[Collected data]
┌──

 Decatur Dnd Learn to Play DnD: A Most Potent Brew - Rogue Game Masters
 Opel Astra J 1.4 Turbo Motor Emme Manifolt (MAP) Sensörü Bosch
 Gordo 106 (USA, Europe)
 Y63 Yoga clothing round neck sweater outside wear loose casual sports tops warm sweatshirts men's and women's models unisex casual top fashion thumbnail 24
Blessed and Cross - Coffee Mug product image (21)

└──
┌──

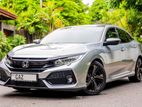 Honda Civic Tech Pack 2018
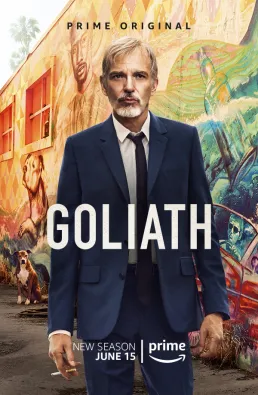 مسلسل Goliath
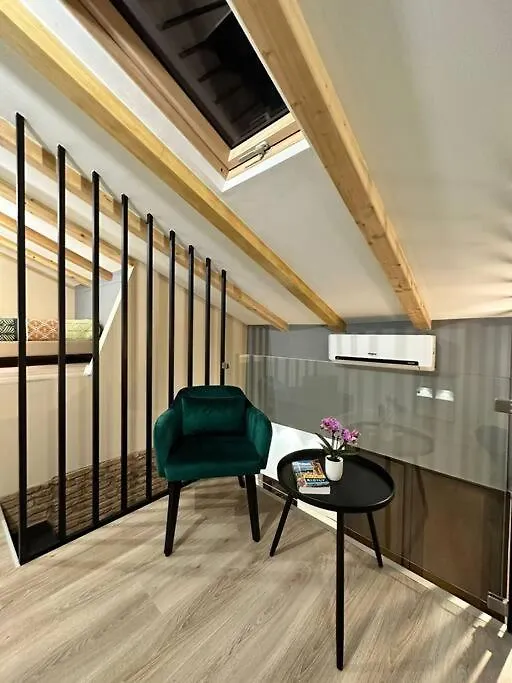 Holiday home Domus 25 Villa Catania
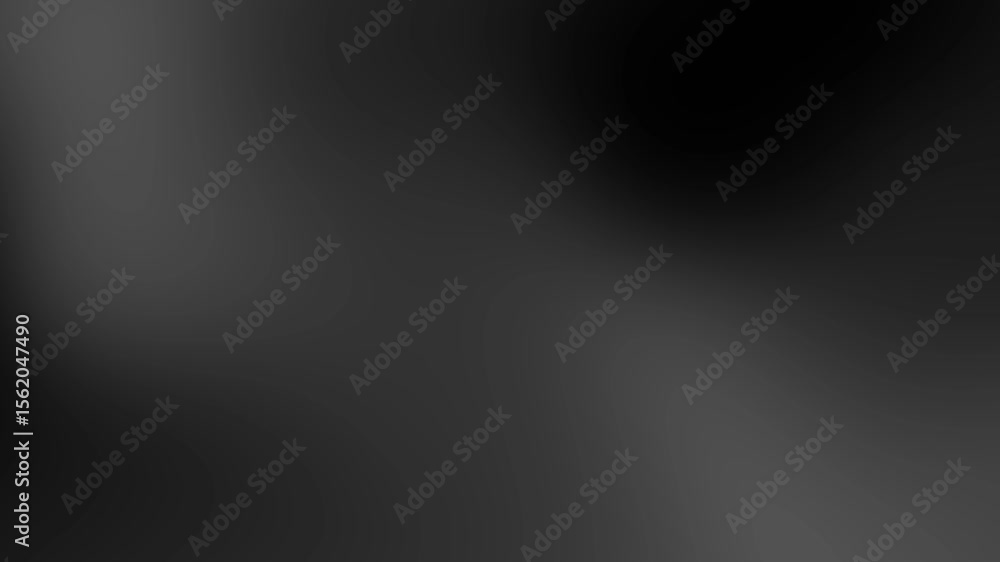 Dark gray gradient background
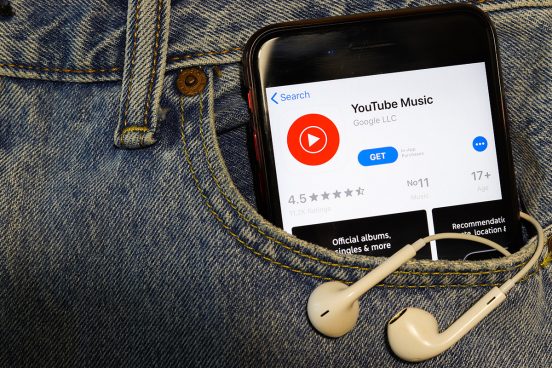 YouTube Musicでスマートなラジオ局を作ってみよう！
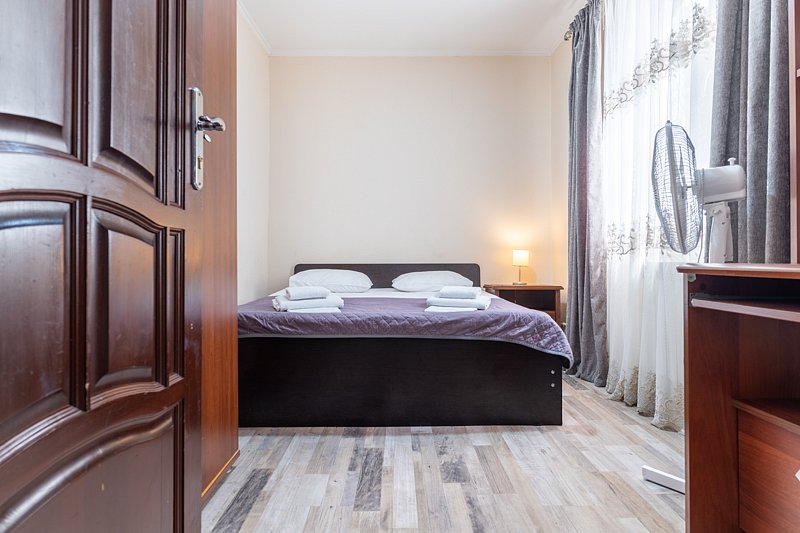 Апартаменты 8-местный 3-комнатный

└──

# What you will do
Skipping every picture, transcribe exactly the lines above from the one containing "YouTube Musicでスマートなラジオ局を作ってみよう！" through the one containing "Апартаменты 8-местный 3-комнатный", both included.

# Solution for this exercise
 YouTube Musicでスマートなラジオ局を作ってみよう！
 Апартаменты 8-местный 3-комнатный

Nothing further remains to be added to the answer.